BP: As someone who has worked on analytical approaches to baseball
decision-making from both the outside and inside of a major league club,
where do you see the next frontiers in sabermetrics? What questions do you
think are most desperately in need of answers? Are there approaches that
have been heretofore ignored? Is there anything that you yourself are
working on independently?

MJ: There are two parts to this answer, in my mind. On the one hand, as I
mentioned earlier, I think a next frontier lies more in the collection of
finer-granularity data of major league baseball events as well as more
thorough injury databases. Beyond better major league data, there
definitely is a need for better collegiate and high school, as well as
international, information as well.

On the other hand, I think that there really is great possibility for
bringing some cutting-edge machine learning technologies from the academic
world into building more robust predictive tools in baseball. The
academicians continue to push the envelope with machine learning in many
scientific applications, so staying on top of these technologies…or
working with people who are on top of them, should shine some new light on
separating the random components of baseball observations from the
informative.

As far as what I am doing now, I have started assembling a consortium of a
few statistics and applied math professors who I know from my graduate
school days. Several of us will be meeting in a few weeks to talk about
where we want to take this work, but I do believe sports and academics can
be brought together in a practical way.

BP: What do you mean by “machine-learning technologies?”

MJ: Machine-learning refers to computational approaches toward finding
patterns and structure in data. Voice recognition, as used in phone menu
systems, or character recognition, as used when scanning entire libraries
into a computer database are built using machine learning methods.
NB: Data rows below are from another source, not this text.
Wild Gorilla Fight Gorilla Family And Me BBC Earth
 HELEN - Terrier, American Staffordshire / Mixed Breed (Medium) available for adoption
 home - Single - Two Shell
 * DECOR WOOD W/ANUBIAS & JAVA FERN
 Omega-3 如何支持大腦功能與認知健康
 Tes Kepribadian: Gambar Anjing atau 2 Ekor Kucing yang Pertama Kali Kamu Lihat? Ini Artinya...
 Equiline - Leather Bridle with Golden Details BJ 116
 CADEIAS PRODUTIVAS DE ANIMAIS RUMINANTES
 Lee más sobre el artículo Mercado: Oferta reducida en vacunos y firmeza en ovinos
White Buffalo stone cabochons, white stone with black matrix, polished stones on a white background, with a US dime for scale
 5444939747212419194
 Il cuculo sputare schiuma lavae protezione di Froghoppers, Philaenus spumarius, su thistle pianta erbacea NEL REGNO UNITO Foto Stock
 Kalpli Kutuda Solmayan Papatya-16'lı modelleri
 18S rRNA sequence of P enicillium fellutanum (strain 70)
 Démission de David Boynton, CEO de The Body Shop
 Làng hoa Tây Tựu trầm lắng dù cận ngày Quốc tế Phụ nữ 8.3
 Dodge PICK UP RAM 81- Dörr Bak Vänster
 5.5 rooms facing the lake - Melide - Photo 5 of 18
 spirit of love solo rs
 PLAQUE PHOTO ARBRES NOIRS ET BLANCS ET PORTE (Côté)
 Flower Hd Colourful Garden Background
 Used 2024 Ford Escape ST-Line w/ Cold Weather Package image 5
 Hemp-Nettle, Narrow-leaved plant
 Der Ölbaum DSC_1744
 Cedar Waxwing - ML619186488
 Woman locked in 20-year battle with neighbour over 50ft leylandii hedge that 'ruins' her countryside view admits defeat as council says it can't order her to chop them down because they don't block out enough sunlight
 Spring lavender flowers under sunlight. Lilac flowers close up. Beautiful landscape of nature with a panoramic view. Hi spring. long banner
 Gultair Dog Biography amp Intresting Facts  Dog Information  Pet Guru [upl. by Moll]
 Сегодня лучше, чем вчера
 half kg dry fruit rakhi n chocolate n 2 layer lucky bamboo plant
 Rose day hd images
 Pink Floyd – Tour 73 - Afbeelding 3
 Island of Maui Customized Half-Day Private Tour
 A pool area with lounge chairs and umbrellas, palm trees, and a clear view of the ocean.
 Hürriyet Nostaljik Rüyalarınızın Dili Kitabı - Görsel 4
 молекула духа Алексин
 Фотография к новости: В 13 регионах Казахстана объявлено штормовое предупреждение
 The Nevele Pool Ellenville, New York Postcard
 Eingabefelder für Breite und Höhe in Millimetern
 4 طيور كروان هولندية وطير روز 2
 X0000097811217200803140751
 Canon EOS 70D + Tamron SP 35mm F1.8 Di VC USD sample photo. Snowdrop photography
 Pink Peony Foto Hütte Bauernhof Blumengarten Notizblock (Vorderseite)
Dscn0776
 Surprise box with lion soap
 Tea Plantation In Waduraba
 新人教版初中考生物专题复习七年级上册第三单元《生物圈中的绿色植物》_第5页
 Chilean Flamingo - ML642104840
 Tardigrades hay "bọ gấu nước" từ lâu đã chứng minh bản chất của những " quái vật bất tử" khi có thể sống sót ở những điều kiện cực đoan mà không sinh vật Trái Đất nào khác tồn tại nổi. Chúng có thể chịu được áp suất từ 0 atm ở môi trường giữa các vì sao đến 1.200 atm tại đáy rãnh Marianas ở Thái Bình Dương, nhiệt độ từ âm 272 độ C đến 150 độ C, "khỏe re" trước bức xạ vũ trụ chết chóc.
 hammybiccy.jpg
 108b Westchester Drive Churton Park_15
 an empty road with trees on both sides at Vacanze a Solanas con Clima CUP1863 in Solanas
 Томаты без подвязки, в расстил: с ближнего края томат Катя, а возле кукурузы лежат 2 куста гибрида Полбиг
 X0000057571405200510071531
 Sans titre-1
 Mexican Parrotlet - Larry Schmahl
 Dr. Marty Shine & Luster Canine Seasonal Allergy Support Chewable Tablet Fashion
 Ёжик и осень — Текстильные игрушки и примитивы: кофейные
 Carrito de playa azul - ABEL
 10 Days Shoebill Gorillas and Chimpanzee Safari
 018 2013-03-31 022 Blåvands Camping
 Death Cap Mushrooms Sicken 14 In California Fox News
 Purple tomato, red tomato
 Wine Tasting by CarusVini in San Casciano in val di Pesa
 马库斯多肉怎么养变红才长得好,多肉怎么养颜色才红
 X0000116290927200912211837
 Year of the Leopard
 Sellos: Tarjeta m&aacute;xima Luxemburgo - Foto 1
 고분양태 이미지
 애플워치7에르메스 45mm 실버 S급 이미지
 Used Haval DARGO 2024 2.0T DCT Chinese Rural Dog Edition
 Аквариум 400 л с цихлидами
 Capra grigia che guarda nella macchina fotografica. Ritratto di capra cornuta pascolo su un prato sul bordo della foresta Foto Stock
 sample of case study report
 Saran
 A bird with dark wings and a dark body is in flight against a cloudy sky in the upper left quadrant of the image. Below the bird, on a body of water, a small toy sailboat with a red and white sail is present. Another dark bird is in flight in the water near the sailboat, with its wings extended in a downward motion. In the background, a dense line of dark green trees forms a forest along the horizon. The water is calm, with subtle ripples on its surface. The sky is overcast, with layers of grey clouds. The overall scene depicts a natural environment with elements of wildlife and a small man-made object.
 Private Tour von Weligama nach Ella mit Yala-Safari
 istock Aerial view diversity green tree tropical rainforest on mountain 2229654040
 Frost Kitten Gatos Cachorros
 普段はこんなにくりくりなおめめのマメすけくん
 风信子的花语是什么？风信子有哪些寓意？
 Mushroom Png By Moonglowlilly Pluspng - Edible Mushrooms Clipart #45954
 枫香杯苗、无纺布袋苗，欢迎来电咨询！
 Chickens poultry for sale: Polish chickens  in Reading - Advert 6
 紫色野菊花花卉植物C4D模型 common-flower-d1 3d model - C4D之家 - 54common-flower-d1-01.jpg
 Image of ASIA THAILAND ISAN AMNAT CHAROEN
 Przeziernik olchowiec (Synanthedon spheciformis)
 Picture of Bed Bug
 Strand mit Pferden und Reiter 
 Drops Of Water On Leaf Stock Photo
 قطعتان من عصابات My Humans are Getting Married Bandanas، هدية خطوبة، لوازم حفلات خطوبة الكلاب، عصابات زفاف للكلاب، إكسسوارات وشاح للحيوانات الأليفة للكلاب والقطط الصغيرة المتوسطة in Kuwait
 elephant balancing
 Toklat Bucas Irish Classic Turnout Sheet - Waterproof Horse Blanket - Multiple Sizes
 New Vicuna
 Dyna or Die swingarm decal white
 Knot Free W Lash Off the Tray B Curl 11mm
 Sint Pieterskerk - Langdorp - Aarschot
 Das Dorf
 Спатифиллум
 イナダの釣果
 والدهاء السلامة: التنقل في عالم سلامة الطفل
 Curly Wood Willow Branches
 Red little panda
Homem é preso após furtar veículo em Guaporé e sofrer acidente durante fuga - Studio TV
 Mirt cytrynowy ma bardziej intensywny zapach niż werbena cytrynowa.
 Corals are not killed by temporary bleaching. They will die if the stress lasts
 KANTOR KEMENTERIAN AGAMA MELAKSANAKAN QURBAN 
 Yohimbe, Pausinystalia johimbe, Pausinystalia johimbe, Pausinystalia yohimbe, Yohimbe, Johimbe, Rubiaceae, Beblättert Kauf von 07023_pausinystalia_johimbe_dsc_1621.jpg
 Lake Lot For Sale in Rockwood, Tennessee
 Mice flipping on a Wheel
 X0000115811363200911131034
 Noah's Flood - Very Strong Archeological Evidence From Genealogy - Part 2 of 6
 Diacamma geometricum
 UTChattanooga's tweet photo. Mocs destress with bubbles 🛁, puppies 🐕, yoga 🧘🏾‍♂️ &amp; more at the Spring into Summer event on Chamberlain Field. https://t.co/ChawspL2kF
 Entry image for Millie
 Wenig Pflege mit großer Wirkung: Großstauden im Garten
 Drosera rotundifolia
In baseball analysis, once we establish how to measure a player’s
contribution towards a team’s success, we can start to think about the
next step of how to predict it. In a simplified view, we take every piece
of information about every person who’s played the game and throw it into
a big pot. We then let a machine learning system loose in the pot, sifting
through all the data toward finding the information that is most useful in
predicting future success, which is what statistical player evaluation
techniques are aiming for. Neural nets, decision trees, support vector
machines…those are some of the machine-learning buzzwords people might
have heard of.

BP: You left the Cardinals at the end of the season and returned to Silicon Valley, where you’ve gone back to doing the sorts of tech work that you did before you got into baseball. Do you see yourself getting back
into sports, perhaps going back to work for another baseball club in the
future, or is that it for you?

MJ: I definitely see myself being involved with sports in some capacity in
the future. I continue to talk with executives in baseball as well as
other sports. I currently have returned to Silicon Valley; until November,
I’m sitting out a one year non-compete clause that was a part of my
employment in St. Louis. I do hope at some point in the future to be
involved with a baseball organization again.